Shape-centered Representation Learning for Visible-Infrared Person Re-identification
Shuang Li, Jiaxu Leng, Ji Gan, Mengjingcheng Mo, Xinbo Gao
TL;DR
This work tackles the challenges of visible-infrared person re-identification (VI-ReID) by moving beyond appearance-only representations to exploit body shape as a modality-robust cue. It introduces Shape-centered Representation Learning (ScRL), which combines Infrared Shape Restoration (ISR), Shape Feature Propagation (SFP), and Appearance Feature Enhancement (AFE) to fuse shape and appearance features in a two-branch architecture. ISR restores infrared shapes at the feature level, SFP transfers shape-discriminative ability into the appearance stream for efficient inference, and AFE emphasizes shape-related appearance features through a two-stage cross-attention mechanism.
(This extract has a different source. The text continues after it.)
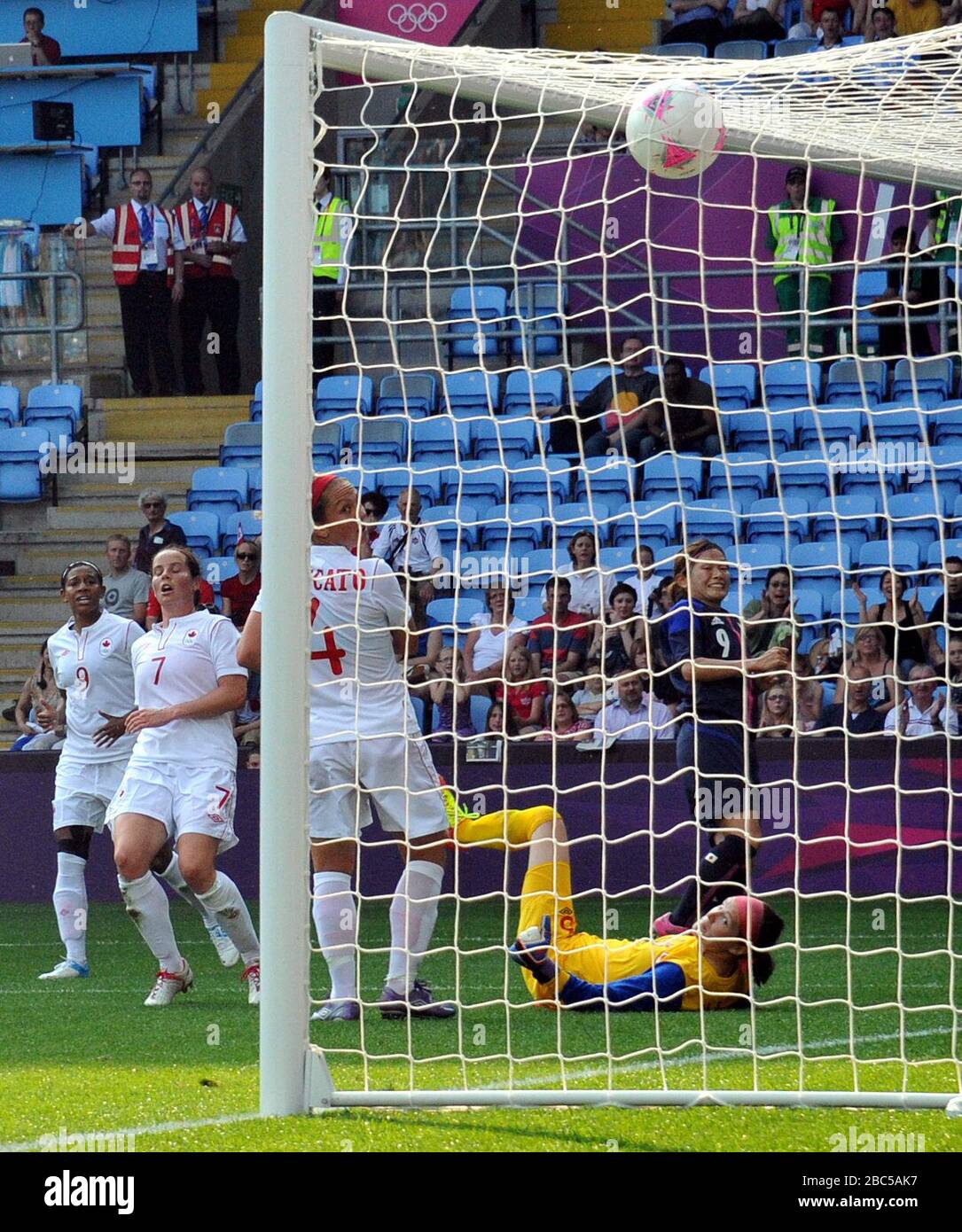 Die japanische Nahomi Kawasumi (9) erzielt ihr Eröffnungsziel hinter Kanadas Torhüter Erin McLeod während des Spiels der Damen Football, First Round, Gruppe F im City of Coventry Stadium, Coventry. Stockfoto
Extensive experiments on SYSU-MM01, RegDB, and HITSZ-VCM demonstrate state-of-the-art VI-ReID performance with favorable accuracy and efficiency, highlighting the practical value of shape-centered representations for cross-modality person identification.
Abstract
Visible-Infrared Person Re-Identification (VI-ReID) plays a critical role in all-day surveillance systems. However, existing methods primarily focus on learning appearance features while overlooking body shape features, which not only complement appearance features but also exhibit inherent robustness to modality variations. Despite their potential, effectively integrating shape and appearance features remains challenging. Appearance features are highly susceptible to modality variations and background noise, while shape features often suffer from inaccurate infrared shape estimation due to the limitations of auxiliary models. To address these challenges, we propose the Shape-centered Representation Learning (ScRL) framework, which enhances VI-ReID performance by innovatively integrating shape and appearance features. Specifically, we introduce Infrared Shape Restoration (ISR) to restore inaccuracies in infrared body shape representations at the feature level by leveraging infrared appearance features. In addition, we propose Shape Feature Propagation (SFP), which enables the direct extraction of shape features from original images during inference with minimal computational complexity. Furthermore, we design Appearance Feature Enhancement (AFE), which utilizes shape features to emphasize shape-related appearance features while effectively suppressing identity-unrelated noise. Benefiting from the effective integration of shape and appearance features, ScRL demonstrates superior performance through extensive experiments. On the SYSU-MM01, HITSZ-VCM, and RegDB datasets, it achieves Rank-1 (mAP) accuracies of 76.1% (72.6%), 71.2% (52.9%), and 92.4% (86.7%), respectively, surpassing existing state-of-the-art methods.